Case No. 2: synchronous cecal and rectal tumor. LNs can be seen on an abdominopelvic contrast-enhanced CT scan, venous phase, axial (A,B) and coronal view (C). No suspected LNs are detected. (D)—The map of LN stations—black circles emphasize LN stations, without suspicious features. Table: correlation of LN stations, based on imaging studies and pathological reports. Imaging did not detect any suspicious LNs that was confirmed by pathology report.

Figure 3

Case No. 4: synchronous sigmoid ADK and SCC of the anal canal. Circumferential thickening with inhomogeneous enhancement at the level of sigmoid, proves infiltration of the mesenteric fat (white arrow). Perisigmoid and inferior mesentery LN stations were seen on contrast-enhanced CT, venous phase, axial views (A,C). The tumor mass in the anal region shows heterogenous enhancement in the arterial phase (B), with no visible LNs. (D) A map of nodal stations involved was made: black circle—visible LN, without suspicious features; red circle—suspicious LN for malignancy. Table: map correlation showed that positive LN was successfully detected on CT scan.

Figure 4

Case No. 5. Two synchronous sigmoid tumors. Parietal thickening of the colic wall with contrast-enhancement (white arrows), infiltration of pericolic fat. Association of regional LNs (yellow circle), some with suspicious criteria, seen on contrast-enhancement CT scan, venous-phase, axial-views (A,B) and sagittal view (C). A map of nodal stations was made: black circle: visible, non-suspicious LNs, red circle: suspicious LNs (D).
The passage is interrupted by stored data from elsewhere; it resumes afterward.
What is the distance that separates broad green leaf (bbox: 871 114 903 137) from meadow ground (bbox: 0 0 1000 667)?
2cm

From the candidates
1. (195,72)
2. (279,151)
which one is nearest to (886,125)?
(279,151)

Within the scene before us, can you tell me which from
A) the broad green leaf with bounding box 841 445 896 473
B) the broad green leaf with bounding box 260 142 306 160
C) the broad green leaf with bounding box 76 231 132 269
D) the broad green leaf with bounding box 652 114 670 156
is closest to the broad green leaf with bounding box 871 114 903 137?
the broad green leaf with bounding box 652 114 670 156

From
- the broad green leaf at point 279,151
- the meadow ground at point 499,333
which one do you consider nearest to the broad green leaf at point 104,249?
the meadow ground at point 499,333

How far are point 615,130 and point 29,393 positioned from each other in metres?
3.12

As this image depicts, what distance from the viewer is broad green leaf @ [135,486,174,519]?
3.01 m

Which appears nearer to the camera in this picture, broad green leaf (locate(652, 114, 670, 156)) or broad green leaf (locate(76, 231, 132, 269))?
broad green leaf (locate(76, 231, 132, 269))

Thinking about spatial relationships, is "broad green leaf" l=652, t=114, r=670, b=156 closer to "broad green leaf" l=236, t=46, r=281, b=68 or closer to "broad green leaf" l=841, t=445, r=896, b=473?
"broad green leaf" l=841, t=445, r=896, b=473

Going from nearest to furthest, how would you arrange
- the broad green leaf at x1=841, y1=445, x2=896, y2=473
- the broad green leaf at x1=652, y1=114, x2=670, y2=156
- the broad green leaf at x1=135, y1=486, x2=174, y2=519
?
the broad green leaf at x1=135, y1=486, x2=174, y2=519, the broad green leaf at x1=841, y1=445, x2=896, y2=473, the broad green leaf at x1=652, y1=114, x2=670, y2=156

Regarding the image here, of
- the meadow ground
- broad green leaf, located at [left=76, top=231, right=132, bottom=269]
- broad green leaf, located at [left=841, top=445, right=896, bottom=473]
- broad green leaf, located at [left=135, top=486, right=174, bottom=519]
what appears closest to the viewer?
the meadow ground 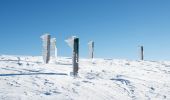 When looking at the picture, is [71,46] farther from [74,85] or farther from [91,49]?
[91,49]

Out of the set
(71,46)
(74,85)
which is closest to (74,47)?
(71,46)

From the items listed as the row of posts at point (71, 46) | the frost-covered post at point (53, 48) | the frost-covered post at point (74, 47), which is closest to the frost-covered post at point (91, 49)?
the row of posts at point (71, 46)

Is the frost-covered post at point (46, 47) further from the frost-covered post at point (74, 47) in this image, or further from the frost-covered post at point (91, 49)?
the frost-covered post at point (91, 49)

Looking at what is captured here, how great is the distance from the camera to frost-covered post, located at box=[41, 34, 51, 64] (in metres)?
24.1

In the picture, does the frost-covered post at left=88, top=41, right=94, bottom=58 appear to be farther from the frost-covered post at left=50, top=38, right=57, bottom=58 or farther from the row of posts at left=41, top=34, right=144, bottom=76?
the frost-covered post at left=50, top=38, right=57, bottom=58

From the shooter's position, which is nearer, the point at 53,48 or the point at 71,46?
the point at 71,46

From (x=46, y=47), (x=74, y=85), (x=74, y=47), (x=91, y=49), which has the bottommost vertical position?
(x=74, y=85)

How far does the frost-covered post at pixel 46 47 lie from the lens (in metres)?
24.1

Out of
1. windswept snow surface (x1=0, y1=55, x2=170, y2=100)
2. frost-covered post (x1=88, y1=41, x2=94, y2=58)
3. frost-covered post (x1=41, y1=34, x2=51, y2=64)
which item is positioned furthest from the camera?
frost-covered post (x1=88, y1=41, x2=94, y2=58)

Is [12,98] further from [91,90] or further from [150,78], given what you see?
[150,78]

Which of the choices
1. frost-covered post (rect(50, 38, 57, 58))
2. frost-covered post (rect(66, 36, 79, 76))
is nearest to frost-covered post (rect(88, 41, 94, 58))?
frost-covered post (rect(50, 38, 57, 58))

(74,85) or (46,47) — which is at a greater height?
(46,47)

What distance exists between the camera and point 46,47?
24.2 meters

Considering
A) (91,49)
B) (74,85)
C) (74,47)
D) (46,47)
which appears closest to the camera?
(74,85) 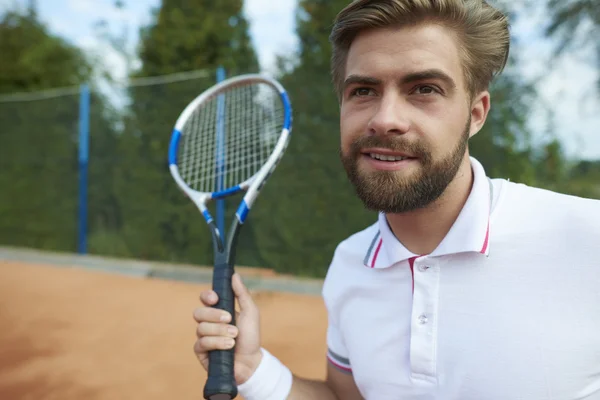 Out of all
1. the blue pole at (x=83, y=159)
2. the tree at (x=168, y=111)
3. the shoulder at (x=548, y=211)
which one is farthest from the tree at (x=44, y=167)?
the shoulder at (x=548, y=211)

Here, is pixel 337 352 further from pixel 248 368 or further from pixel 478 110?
pixel 478 110

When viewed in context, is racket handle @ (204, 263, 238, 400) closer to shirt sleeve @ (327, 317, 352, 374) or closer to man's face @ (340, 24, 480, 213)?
shirt sleeve @ (327, 317, 352, 374)

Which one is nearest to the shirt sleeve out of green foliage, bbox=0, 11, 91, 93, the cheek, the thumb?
the thumb

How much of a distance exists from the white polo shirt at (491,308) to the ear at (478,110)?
0.44 ft

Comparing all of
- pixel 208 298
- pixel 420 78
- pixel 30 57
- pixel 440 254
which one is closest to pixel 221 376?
pixel 208 298

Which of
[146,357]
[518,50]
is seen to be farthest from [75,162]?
[518,50]

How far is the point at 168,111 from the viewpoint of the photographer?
20.5 ft

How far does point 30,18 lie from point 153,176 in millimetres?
7959

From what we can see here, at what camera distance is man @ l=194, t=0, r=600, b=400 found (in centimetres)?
105

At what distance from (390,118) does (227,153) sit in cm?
141

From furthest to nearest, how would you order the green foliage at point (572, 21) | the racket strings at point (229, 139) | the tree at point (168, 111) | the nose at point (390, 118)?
the tree at point (168, 111)
the green foliage at point (572, 21)
the racket strings at point (229, 139)
the nose at point (390, 118)

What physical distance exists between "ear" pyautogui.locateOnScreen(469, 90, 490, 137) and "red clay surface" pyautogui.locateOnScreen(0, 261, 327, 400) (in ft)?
6.65

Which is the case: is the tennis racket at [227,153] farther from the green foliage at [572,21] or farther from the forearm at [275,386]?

Table: correlation of LNs stations - two of the four suspect LNs were positive, both of them found in the index tumor.

Figure 5

Case No. 6. Synchronous sigmoid and cecal tumors (white arrow), seen on contrast-enhanced CT scan, venous phase, axial views (A,B) and coronal view (C), with infiltration of pericolic fat, regional LNs (yellow circle) and left fallopian tube metastasis (white arrow-head). Map of nodal stations shows nodal stations with suspect LNs (rec circle) and nodal stations with visible LNs, without suspicious criteria (D). Table: correlation of suspect nodal stations with LN metastasis.

Figure 6

The microsatellite stable status is immunohistochemically proved by nuclear expression of MLH1 (A), MSH2 (B), PMS2 (C) and MSH6 (D).

Figure 7

Histological aspect, correlated with the molecular subtype determined with E-cadherin and β-catenin. All tumors expressed membranar E-cadherin and β-catenin in the tumor core (A–F). In the epithelial subtype, the membrane expression of E-cadherin (B) and beta-catenin (C) can be seen in both tumor core and invasion area (buds). The hybrid molecular subtype is characterized by membranar expression of E-cadherin and beta-catenin in the tumor core (E,F) with nuclear positivity of β-catenin in the buds (F).